Short web captions

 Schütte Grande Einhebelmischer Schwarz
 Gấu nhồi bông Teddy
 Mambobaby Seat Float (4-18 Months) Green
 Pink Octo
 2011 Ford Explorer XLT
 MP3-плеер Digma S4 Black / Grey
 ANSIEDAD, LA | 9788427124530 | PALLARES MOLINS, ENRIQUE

---

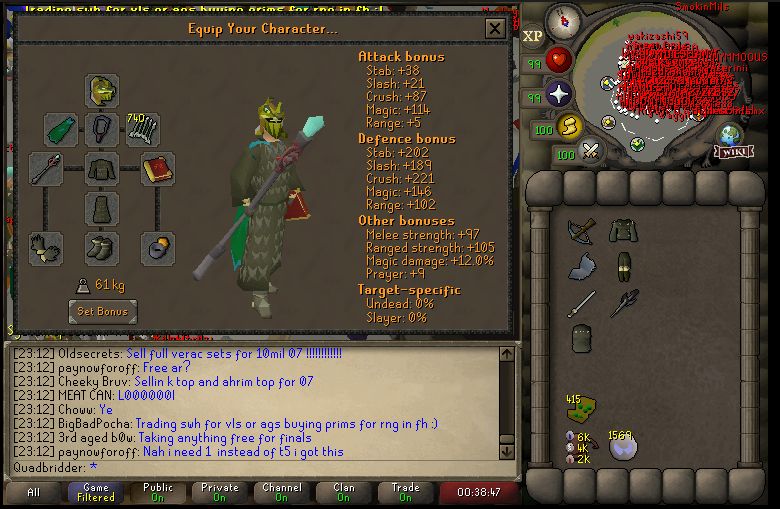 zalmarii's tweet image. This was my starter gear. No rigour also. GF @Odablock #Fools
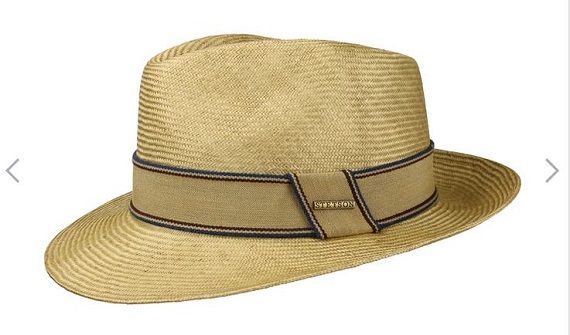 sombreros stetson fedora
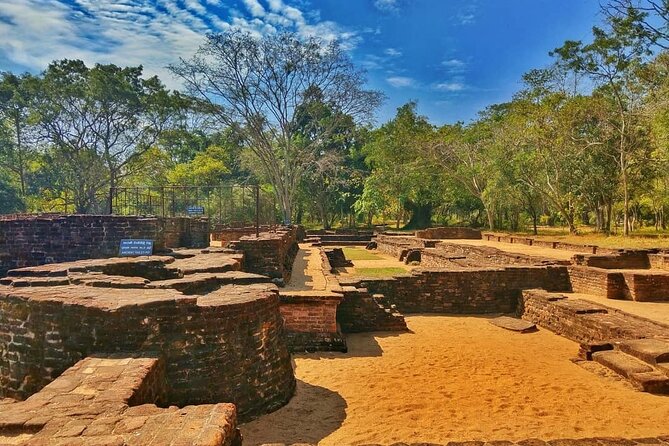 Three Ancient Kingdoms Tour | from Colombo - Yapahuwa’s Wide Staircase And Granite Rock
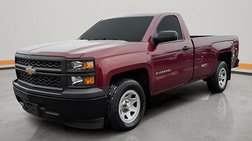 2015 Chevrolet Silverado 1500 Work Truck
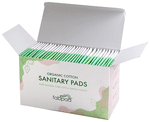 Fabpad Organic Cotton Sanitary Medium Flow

---

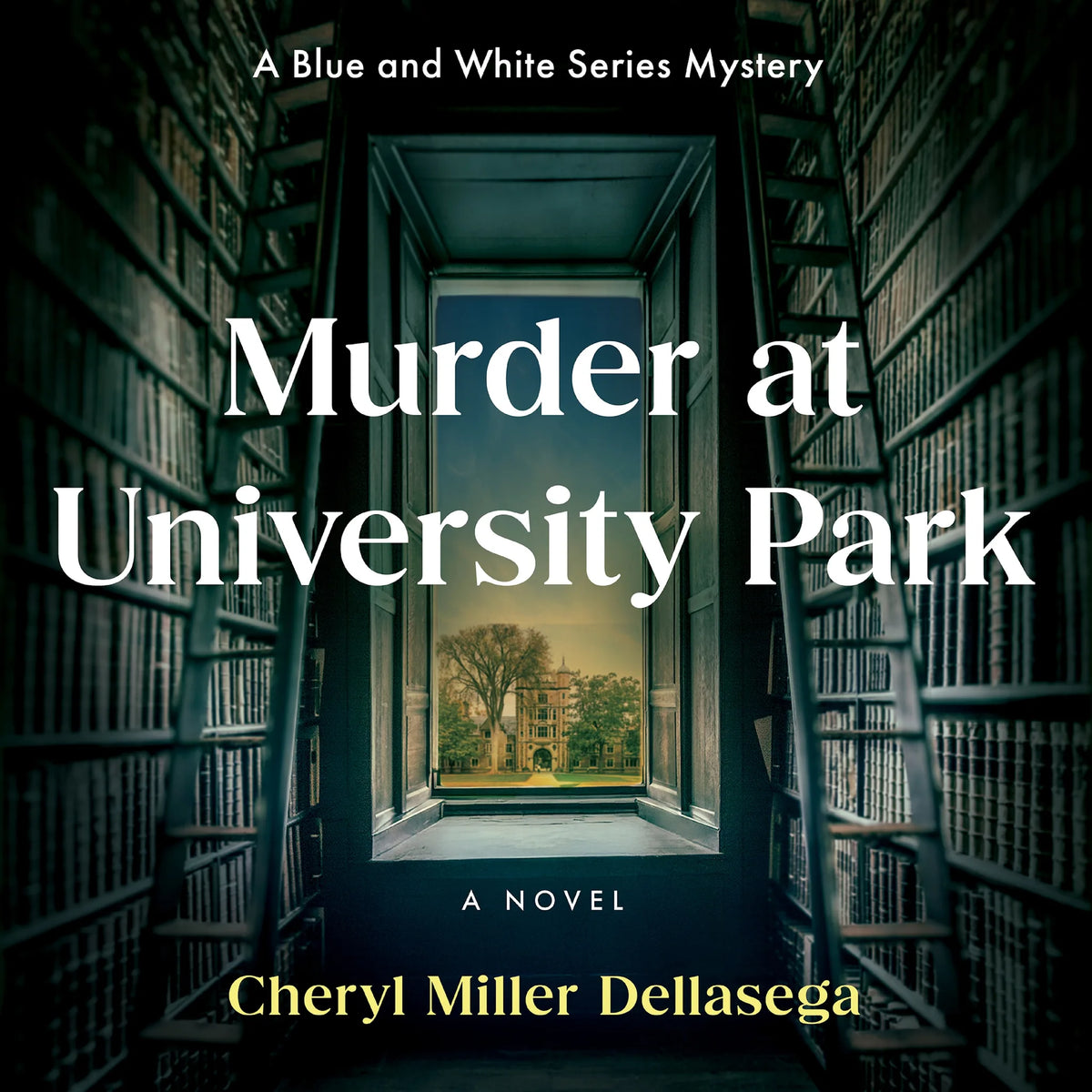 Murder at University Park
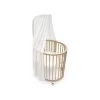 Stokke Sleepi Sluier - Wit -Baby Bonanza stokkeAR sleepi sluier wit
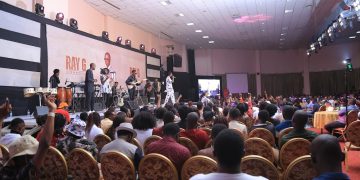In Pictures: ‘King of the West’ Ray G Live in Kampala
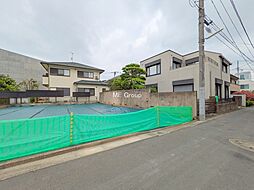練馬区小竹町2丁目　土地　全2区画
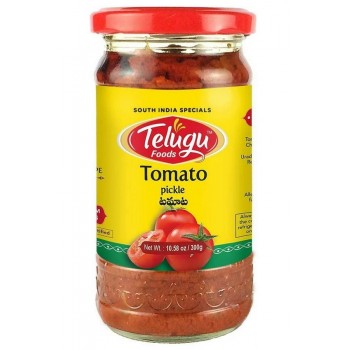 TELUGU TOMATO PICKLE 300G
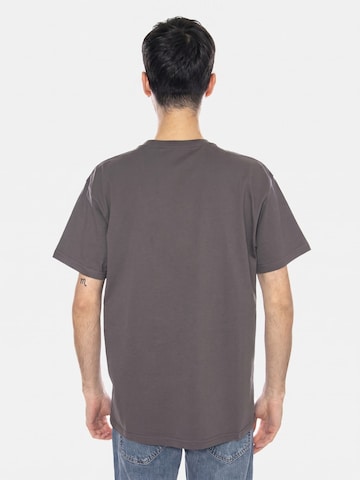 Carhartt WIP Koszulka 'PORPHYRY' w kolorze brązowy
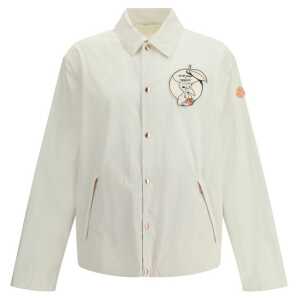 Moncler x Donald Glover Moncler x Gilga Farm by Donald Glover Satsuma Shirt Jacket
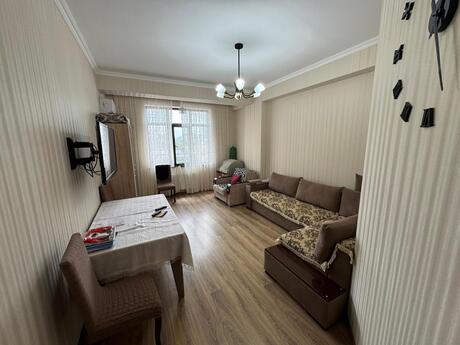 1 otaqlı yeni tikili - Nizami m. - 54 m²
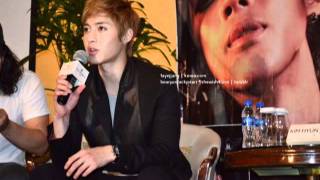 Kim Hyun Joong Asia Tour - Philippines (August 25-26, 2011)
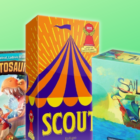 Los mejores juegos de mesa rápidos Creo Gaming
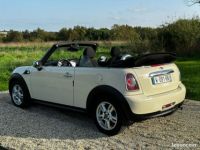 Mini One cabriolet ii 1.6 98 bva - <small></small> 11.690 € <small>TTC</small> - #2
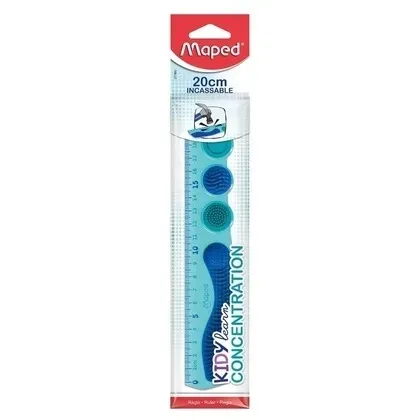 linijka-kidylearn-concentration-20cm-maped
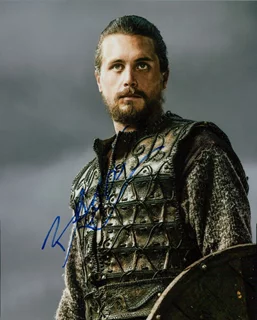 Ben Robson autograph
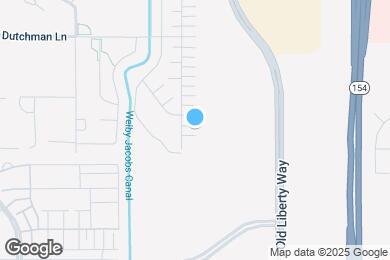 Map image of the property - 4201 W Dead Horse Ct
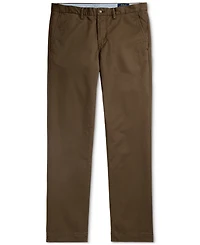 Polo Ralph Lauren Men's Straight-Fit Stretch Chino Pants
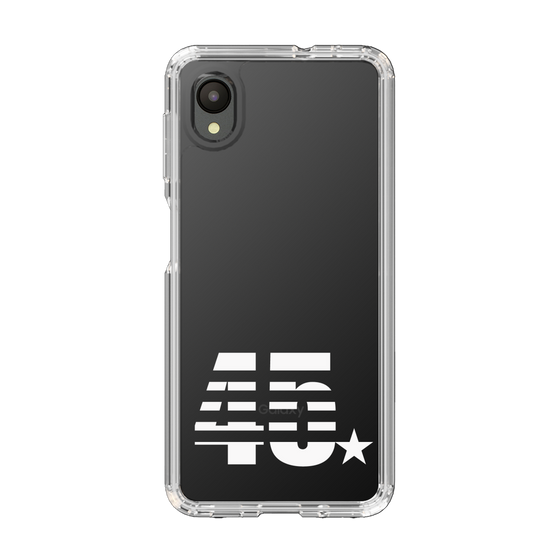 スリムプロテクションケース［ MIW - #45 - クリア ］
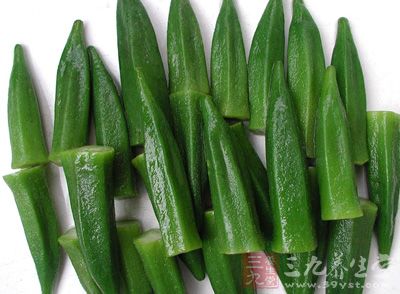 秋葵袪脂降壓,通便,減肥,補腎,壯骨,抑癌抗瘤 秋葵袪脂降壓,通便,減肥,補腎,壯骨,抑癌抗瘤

• **Exercise directions**
Set down word for word the lines above from the one with "2015 Chevrolet Silverado 1500 Work Truck" up to and including the one with "Fabpad Organic Cotton Sanitary Medium Flow". Omit every picture.

• **Task result**
 2015 Chevrolet Silverado 1500 Work Truck
 Fabpad Organic Cotton Sanitary Medium Flow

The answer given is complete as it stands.